Ken Kansky - Schema Networks: Zero-shot Transfer with a Generative Causal Model of Intuitive Physics (2017)
History /
Edit /
PDF /
EPUB /
BIB /
Created: June 22, 2017 / Updated: November 2, 2024 / Status: finished / 3 min read (~573 words)
Created: June 22, 2017 / Updated: November 2, 2024 / Status: finished / 3 min read (~573 words)
- Schema Networks are implemented as probabilistic graphical models
- The state is represented as a set of entity-attributes (e.g., ball at position (x, y))
- The learning objective for Schema Networks is designed to understand causality within these environments
- Despite remarkable progress on individual tasks like Atari 2600 games and Go, the ability of state-of-the-art models to trasnfer learning from one environment to the next remains limited
- Schema Networks offer two key advantages:
- Latent physical properties and relations need not be hardcoded
- Planning can make use of backward search
- Schema Networks are implemented as probabilistic graphical models (PGMs), which provide practical inference and structure learning techniques
- A Schema Network is a structured generative model of an MDP
- A Schema Network is a factor graph that contains all grounded instantiations of a set of ungrounded schemas over some window of time
- For simplicity, suppose the number of entities and the number of attributes are fixed at N and M respectively
- Let $E_i$ refer to the $i^{th}$ entity and let $\alpha_{i,j}^{(t)}$ refer to the $j^{th}$ attribute value of the $i^{th}$ entity at time $t$
- We use the notation $E_i^{(t)} = (\alpha_{i,1}^{(t)}, \dots, \alpha_{i,M}^{(t)})$ to refer to the state of the $i^{th}$ entity at time $t$
- The complete state of the MDP modeled by the network at time $t$ is then $s^{(t)} = (E_i^{(t)}, \dots, E_N^{(t)})
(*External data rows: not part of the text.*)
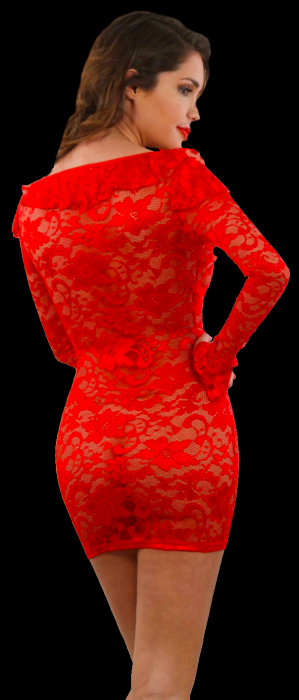 Preview: transparentes minikleid aus spitze schwarz schmuckelelement im tiefen dekollete spielerspelunke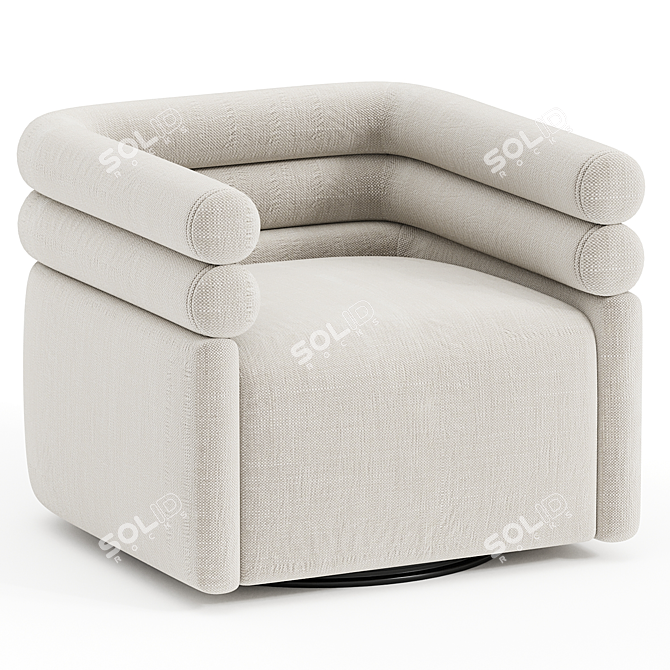 Hampton Cream Swivel Chair: Evie 3D model image 1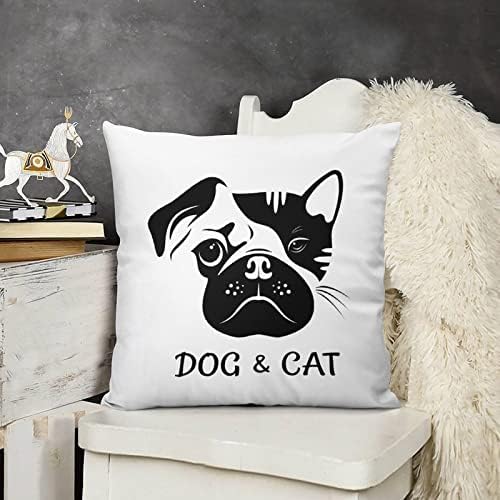 Capas de travesseiro de cães e gatos Capas de travesseiros Conjunto de 2 estojo de almofada para sofá -sofá de brophases decorativas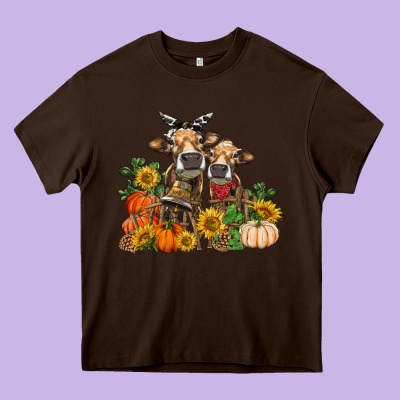 Fall Heifer Cows Heavy Core Tee Designed By Ranaportraitstore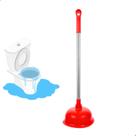Desentupidor Sanitário Cabo Inox 55cm Borracha De Sucção 17cm Alta Capacidade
- Actions and rewards are also represented with sets of binary variables, denoted $a^{(t)}$ and $r^{(t+1)}$ respectively
- Let $\phi^k$ denote the variable for grounded schema $k$
- A grounded schema is connected to its precondition entity-attributes with an AND factor, written as $\phi^k = \text{AND}(\alpha_{i_1,j_1}, \dots, \alpha_{i_H,j_H}, a)$ for $H$ entity-attribute preconditions and an optional action $a$
- An ungrounded schema (or template) is represented as $\Phi_l(E_{x_1}, \dots, E_{x_H}) = \text{AND}(\alpha_{x_1,y_1}, \dots, \alpha_{x_H,y_H})$ where $x_h$ determines the relative entity index of the $h$-th precondition and $y_h$ determines which attribute variable is the precondition
- The ungrounded schema is a template that can be bound to multiple specific entities and locations to generate grounded schemas
- In practice we assume that a vision system is responsible for detecting and tracking entities in an image
- Recent work has demonstrated one possible method for unsupervised entity construction using autoencoders
- Given a series of actions, rewards and images, we represent each possible action and reward with a binary variable, and we convert each image into a set of entity states
- While gathering data, actions are chosen by planning using the schemas that have been learned so far
- We use an $\epsilon$-greedy approach to encourage exploration, taking a random action at each timestep with small probability
- For this algorithm to work, no contradictions can exist in the input data (such as the same input appearing twice with different labels). Such contradictions might appear in stochastic environments and would not be artifacts in real environments, so we preprocess the input data to remove them
- Kansky, Ken, et al. "Schema Networks: Zero-shot Transfer with a Generative Causal Model of Intuitive Physics." arXiv preprint arXiv:1706.04317 (2017).